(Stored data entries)

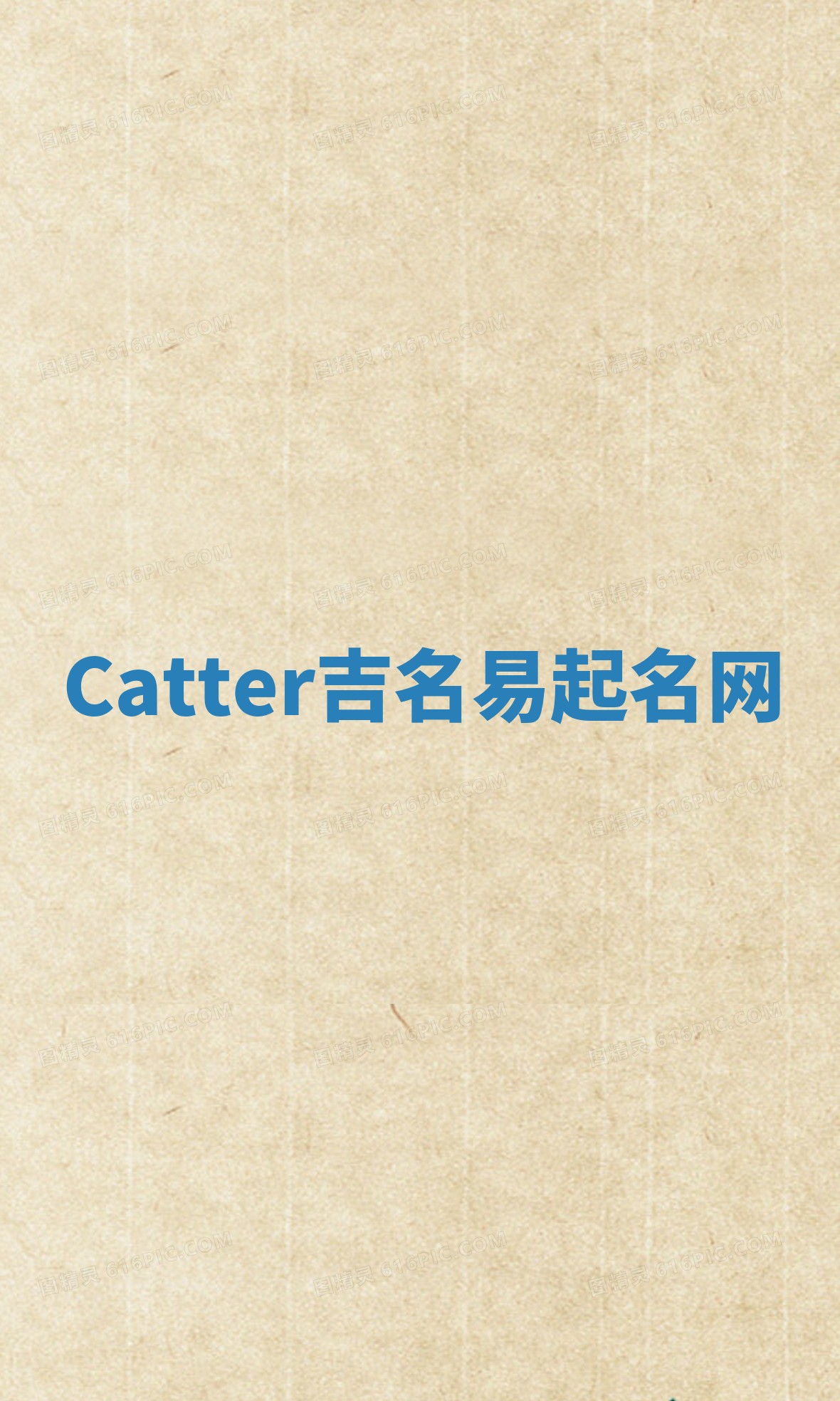 Catter吉名易起名网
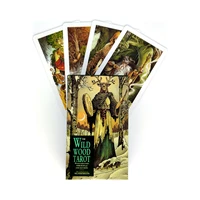 the wild wood tarot cards mystical guidance divination entertainment partys board game supports wholesale 78 sheetsbox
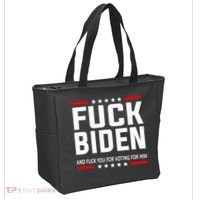 Fuck Joe Biden Tote Bag thumb 2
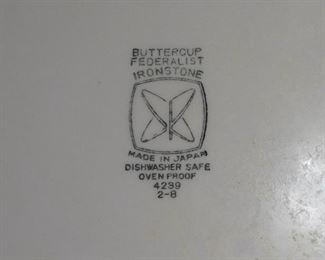 Federalist Buttercup ironstone set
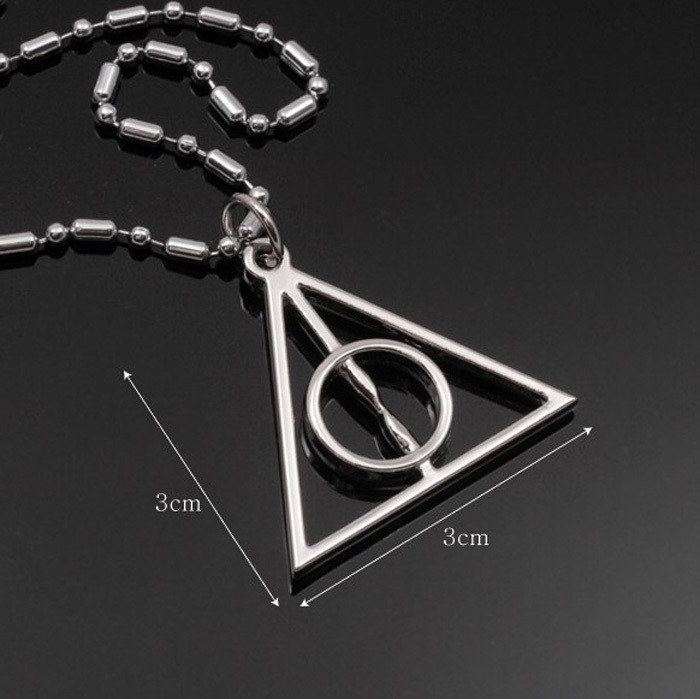 Colar Harry Potter Cor Prata Pronta Entrega Mercado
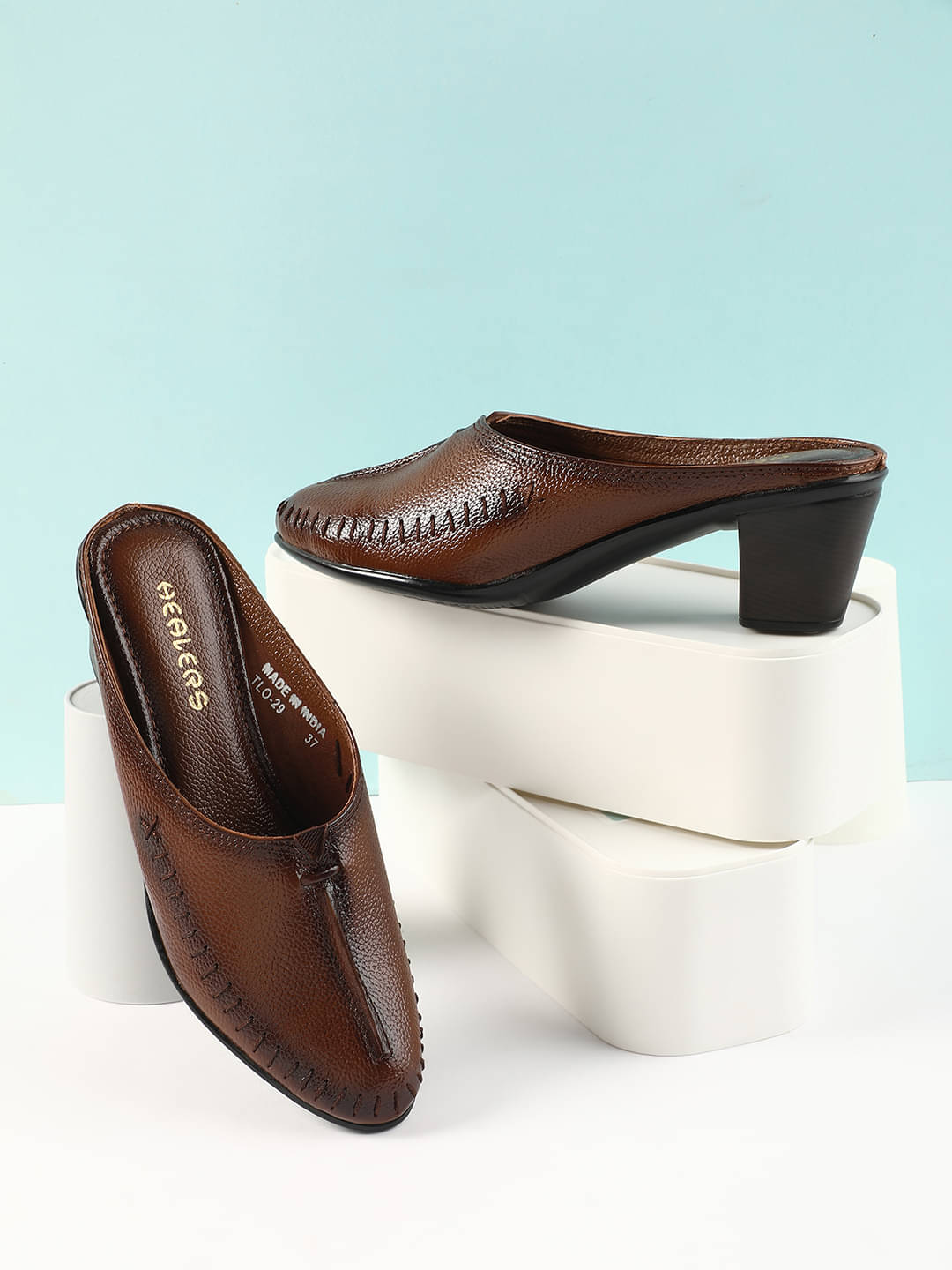     			Liberty Tan Women's Mules Heels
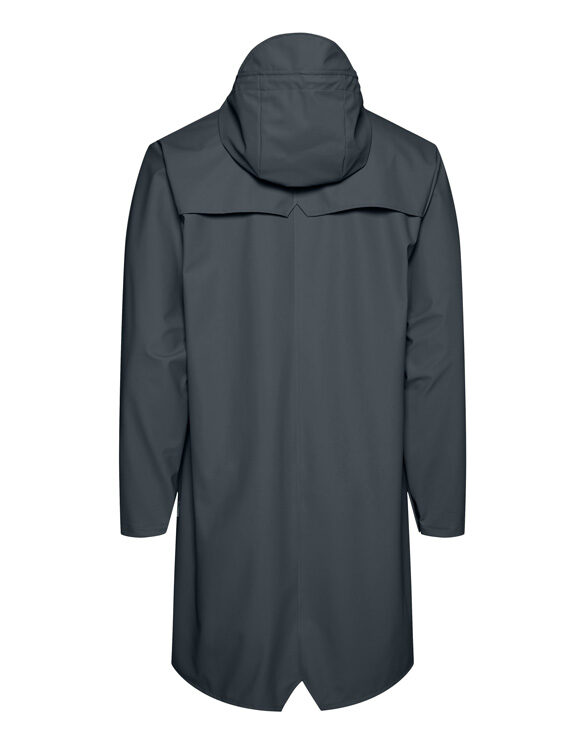 Rains Long Jacket Slate 12020-05 Mehed Ülerõivad Vihmajakid Naised Ülerõivad Vihmajakid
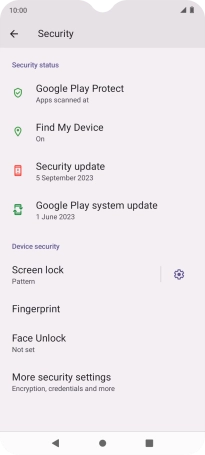 Press Screen lock and key in the current phone lock code.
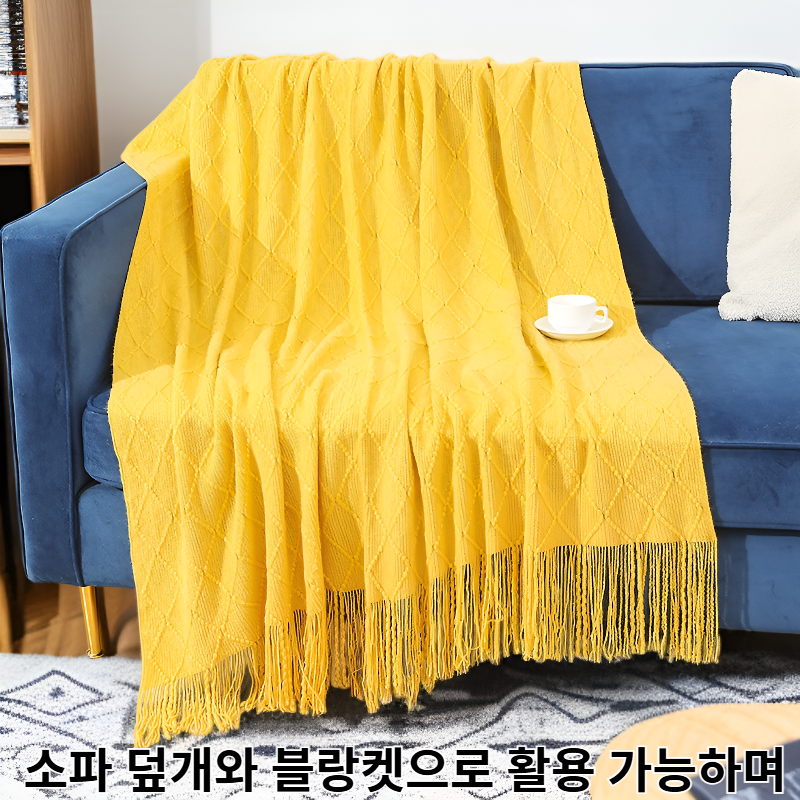 여름 사무실 담요 소파 덮개 여행용 블랑켓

## The task
Copy out the entries verbatim and leave the images out.

## Answer for the task
 Catter吉名易起名网
 the wild wood tarot cards mystical guidance divination entertainment partys board game supports wholesale 78 sheetsbox
 Fuck Joe Biden Tote Bag thumb 2
 Federalist Buttercup ironstone set
 Colar Harry Potter Cor Prata Pronta Entrega Mercado
     			Liberty Tan Women's Mules Heels
 Rains Long Jacket Slate 12020-05 Mehed Ülerõivad Vihmajakid Naised Ülerõivad Vihmajakid
 Press Screen lock and key in the current phone lock code.
 여름 사무실 담요 소파 덮개 여행용 블랑켓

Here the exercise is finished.